Cubs prospect profile: Outfielder Brennen Davis
At nearly every level of professional baseball, age matters. When a player is young for a level and struggling, it can be used as an excuse or a reason to expect acclimation or improvement. If a similar player at the same level experiences an identical slump with two or three more years of experience, the tone of analysis changes to skepticism he’ll be able to put things together in time.
Cubs outfield prospect Brennen Davis falls into the most appealing bucket of age-related analysis. He is only 20 years old, younger than about 70 percent of the Class A Midwest League last season. Yet, he performed near the top of the league in an astounding number of statistical categories. For prospectors looking for the next five-tool outfielder to take a leap forward as he matures physically, Davis stands out.
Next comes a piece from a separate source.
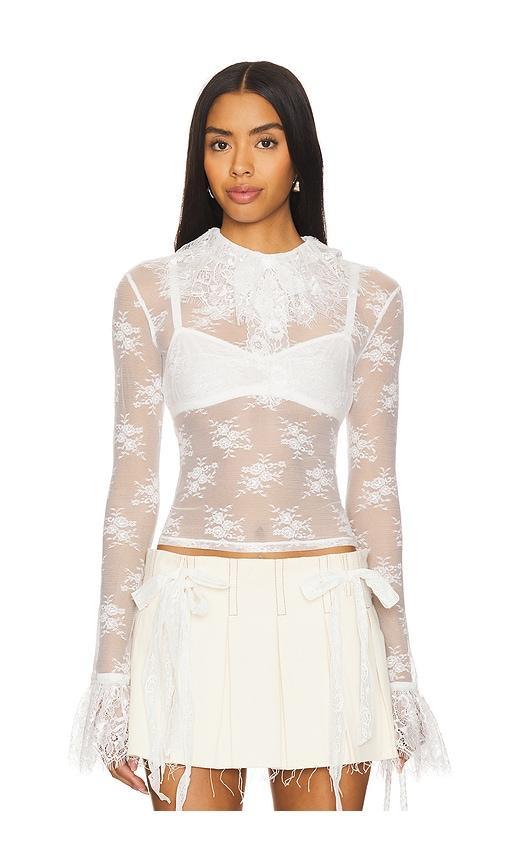 Ruffled Lace Top Product Image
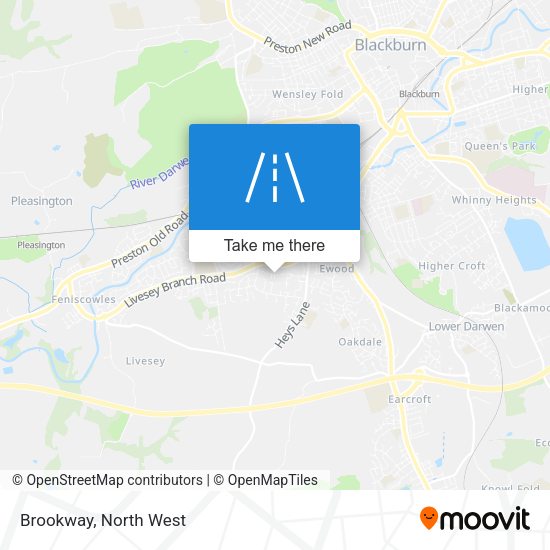 Brookway map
The Cubs drafted Davis 62nd overall in the 2018 MLB First-Year Player Draft out of Basha High School in Arizona. At the time, his tools were raw, with a short swing and lanky body despite electric speed and a strong arm. Savvy analysts saw improvement in the near future, given his commitment to baseball ahead of the draft after a high school career as an exceptional basketball player.
The expectation was for Davis to spend multiple seasons at the rookie level in Arizona to hone his skills before heading to full-season ball. Davis beat that timetable after performing well in a small sample of Arizona League games, with a notable ability to blend a high-contact profile with emerging power. He stayed at extended spring training to start 2019 before the Cubs quickly promoted him to Class-A South Bend.
During each of the two seasons since he was drafted, his body has developed. Some scouts speculate he is roughly 15 pounds heavier than the estimated 175 pounds he was drafted at. While this may slow him down on the basepaths, it bodes well for his potential power development.
But Davis unfortunately ran into some injuries of his own last season. He took a pitch off his finger on July 17 and was placed on the seven-day minor league injured list. He returned less than two weeks later only to take another pitch off the same hand, effectively ending his 2019 regular season. He did, however, return for South Bend’s playoff run, slashing an impressive .310/.394/.414 in 29 at-bats.
During the abbreviated 2020 Spring Training, Davis received his first at-bats in a Chicago Cubs uniform, going 0-for-1 with a walk and 1 RBI.
Davis finished inside the Top 10 in batting average and isolated power, while finishing inside the Top 20 in on-base percentage in the Midwest League last season (minimum 200 PAs). Like Brailyn Marquez, he was younger than the majority of players with exceptional performances in one of the most pitcher-friendly leagues in the minors.
On the standard six-tool scouting profile — hit, game power, raw power, speed, fielding, arm — Davis’ speed, arm and fielding are already considered above average by scouts. Projecting his profile further out, there’s a chance Davis can have all six of these tools grade out as above average at the major-league level. This depends heavily on how his hit tool develops along with his power and whether one becomes the clear “plus” tool.
In 2020, there’s a chance Davis starts the year with South Bend before heading to High-A Myrtle Beach. He’ll run into pitchers with a refined ability to generate swing-and-miss at higher level, testing his already advanced ability to take breaking balls off the plate.
Heading into the 2020 season, he was ranked between 78th and 94th overall on some of the industry’s Top 100 lists. How Davis performs as he continues to have age on his side will determine how quickly his path forward in the organization comes into view.